Excerpts from a dataset:
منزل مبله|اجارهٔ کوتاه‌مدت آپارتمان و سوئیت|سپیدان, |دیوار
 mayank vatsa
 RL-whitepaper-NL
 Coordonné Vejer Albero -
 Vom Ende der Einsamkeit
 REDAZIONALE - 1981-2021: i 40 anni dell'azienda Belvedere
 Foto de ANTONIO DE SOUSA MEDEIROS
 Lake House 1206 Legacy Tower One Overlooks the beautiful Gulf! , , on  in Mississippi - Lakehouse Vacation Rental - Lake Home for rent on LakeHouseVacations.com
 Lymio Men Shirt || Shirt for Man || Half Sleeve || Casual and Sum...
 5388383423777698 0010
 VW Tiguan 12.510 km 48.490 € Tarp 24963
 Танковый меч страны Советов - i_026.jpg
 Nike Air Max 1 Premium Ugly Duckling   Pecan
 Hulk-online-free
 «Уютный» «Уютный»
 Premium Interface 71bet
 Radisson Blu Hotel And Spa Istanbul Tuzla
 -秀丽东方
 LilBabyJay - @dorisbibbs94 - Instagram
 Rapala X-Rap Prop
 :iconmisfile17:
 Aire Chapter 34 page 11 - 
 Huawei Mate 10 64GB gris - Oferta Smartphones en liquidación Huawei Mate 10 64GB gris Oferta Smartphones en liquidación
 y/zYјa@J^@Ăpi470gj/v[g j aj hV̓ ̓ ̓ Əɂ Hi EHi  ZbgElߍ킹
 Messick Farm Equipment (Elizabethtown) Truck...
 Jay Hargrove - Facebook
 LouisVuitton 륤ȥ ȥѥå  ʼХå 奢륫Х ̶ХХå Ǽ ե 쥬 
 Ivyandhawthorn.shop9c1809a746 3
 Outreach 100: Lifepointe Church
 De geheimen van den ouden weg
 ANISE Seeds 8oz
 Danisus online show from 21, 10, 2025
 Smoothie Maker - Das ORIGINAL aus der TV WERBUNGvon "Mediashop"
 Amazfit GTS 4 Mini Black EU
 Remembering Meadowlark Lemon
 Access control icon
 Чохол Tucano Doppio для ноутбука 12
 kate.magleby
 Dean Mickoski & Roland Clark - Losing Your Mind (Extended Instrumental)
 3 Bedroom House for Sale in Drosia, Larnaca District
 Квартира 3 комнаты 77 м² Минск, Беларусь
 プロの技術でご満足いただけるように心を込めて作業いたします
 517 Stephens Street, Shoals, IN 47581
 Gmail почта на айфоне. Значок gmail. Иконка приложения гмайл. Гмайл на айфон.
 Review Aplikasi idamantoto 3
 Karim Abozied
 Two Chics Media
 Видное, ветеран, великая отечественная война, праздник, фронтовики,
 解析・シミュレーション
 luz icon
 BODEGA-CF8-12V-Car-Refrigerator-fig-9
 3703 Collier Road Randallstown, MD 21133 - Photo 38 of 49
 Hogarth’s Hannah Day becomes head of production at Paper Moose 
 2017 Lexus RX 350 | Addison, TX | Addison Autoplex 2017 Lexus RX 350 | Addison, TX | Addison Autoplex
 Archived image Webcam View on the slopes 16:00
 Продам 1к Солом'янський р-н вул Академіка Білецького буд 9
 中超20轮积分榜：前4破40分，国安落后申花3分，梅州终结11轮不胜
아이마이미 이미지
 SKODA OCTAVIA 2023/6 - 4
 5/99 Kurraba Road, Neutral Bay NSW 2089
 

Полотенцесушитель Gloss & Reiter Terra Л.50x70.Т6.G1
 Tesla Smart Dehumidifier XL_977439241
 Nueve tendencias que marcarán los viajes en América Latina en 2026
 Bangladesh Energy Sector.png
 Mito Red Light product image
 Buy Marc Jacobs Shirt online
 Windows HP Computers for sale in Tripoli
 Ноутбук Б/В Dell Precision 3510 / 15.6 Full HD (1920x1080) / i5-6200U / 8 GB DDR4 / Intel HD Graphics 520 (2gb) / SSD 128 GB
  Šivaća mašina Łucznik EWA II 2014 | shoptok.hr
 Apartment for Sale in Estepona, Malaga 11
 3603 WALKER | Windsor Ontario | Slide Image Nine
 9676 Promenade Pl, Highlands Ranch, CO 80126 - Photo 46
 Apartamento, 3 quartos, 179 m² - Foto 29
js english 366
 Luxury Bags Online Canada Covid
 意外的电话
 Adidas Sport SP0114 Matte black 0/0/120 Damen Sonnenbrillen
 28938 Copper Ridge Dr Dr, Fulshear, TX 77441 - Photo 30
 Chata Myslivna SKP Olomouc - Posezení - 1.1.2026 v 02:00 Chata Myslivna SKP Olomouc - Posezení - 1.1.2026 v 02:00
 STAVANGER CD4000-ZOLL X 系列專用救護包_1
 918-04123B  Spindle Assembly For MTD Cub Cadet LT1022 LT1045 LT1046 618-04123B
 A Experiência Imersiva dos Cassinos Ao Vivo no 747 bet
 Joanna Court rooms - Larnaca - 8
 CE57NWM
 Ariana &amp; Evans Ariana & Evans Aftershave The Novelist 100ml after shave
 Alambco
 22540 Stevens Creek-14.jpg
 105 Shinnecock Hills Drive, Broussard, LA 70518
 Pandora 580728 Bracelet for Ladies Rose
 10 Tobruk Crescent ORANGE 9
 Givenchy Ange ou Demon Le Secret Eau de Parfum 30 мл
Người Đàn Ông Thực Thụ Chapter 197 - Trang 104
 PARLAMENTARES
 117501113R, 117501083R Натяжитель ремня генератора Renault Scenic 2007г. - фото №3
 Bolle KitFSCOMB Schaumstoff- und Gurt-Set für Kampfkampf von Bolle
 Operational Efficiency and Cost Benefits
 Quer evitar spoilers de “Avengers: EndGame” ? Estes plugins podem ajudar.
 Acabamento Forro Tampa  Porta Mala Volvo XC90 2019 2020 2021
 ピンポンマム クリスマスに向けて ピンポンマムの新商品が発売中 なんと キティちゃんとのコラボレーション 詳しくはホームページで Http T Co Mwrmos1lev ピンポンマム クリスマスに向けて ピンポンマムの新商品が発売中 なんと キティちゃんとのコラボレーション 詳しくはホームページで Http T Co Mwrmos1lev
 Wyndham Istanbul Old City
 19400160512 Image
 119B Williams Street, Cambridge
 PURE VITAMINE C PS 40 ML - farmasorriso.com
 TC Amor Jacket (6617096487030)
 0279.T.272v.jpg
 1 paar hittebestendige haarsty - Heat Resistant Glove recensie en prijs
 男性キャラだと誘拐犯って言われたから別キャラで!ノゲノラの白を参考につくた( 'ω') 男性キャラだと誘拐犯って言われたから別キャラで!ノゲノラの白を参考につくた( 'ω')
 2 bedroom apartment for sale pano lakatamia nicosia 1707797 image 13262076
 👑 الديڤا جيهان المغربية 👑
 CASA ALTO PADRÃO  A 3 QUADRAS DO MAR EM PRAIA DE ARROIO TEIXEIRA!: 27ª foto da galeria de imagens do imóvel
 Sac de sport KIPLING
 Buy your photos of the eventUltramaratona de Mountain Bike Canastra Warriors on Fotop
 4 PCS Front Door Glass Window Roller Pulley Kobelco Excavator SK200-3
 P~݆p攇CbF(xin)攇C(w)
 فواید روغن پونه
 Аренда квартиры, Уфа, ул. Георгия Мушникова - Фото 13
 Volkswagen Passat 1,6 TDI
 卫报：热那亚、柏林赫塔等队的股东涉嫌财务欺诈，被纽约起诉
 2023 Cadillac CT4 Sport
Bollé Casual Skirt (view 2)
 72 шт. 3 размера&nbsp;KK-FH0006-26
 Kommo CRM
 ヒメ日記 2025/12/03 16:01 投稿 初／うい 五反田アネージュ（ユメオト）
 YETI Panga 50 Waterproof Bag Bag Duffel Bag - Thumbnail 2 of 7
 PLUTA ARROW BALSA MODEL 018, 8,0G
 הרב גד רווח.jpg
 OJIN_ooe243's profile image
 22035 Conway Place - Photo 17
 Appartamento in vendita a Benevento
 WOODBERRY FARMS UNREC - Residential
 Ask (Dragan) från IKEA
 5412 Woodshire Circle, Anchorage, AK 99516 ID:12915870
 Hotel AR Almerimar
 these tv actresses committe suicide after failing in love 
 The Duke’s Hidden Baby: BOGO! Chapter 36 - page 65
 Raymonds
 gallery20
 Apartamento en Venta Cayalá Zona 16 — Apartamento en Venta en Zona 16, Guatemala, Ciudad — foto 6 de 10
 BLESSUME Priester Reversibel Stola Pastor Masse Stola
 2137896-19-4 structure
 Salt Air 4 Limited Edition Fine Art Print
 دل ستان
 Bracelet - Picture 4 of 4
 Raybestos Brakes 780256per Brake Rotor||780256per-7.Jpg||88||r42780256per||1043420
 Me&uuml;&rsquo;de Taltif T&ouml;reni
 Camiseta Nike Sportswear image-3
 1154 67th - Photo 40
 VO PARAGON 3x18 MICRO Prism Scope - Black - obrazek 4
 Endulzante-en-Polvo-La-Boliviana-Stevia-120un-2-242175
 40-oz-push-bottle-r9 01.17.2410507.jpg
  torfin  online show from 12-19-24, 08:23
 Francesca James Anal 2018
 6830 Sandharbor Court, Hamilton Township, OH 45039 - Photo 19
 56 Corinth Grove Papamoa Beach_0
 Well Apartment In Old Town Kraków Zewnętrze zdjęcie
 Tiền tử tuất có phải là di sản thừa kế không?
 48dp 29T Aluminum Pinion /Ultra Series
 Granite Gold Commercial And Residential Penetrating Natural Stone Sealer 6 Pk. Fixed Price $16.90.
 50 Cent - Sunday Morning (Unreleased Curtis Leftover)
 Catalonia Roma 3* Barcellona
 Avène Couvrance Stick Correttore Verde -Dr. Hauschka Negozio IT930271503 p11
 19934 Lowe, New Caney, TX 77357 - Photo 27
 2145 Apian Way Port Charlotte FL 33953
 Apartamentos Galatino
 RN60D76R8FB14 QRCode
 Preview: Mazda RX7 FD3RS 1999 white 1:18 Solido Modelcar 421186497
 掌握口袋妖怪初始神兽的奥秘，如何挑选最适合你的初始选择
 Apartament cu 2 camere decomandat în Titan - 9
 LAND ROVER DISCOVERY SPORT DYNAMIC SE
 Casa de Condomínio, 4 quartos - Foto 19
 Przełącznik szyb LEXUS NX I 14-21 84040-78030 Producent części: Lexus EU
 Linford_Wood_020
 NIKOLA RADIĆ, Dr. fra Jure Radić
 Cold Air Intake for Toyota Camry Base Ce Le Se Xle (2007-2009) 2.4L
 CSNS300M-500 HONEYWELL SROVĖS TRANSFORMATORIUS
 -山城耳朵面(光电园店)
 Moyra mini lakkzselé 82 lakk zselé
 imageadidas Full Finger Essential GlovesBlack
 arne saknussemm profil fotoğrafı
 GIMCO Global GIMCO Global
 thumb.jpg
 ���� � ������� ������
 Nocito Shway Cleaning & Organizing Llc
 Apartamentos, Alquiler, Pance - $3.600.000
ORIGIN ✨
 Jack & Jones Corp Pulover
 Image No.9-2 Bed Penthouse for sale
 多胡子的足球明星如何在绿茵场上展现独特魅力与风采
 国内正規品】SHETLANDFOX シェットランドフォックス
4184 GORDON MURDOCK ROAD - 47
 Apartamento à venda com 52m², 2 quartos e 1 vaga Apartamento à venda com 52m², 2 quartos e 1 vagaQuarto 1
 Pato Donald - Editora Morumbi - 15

→ **Exercise objective**
Give back precisely the lines above that start at the line containing "Huawei Mate 10 64GB gris - Oferta" and end at the line containing "Jay Hargrove - Facebook", inclusive. No other lines belong in the output.

→ **Your solution**
 Huawei Mate 10 64GB gris - Oferta Smartphones en liquidación Huawei Mate 10 64GB gris Oferta Smartphones en liquidación
 y/zYјa@J^@Ăpi470gj/v[g j aj hV̓ ̓ ̓ Əɂ Hi EHi  ZbgElߍ킹
 Messick Farm Equipment (Elizabethtown) Truck...
 Jay Hargrove - Facebook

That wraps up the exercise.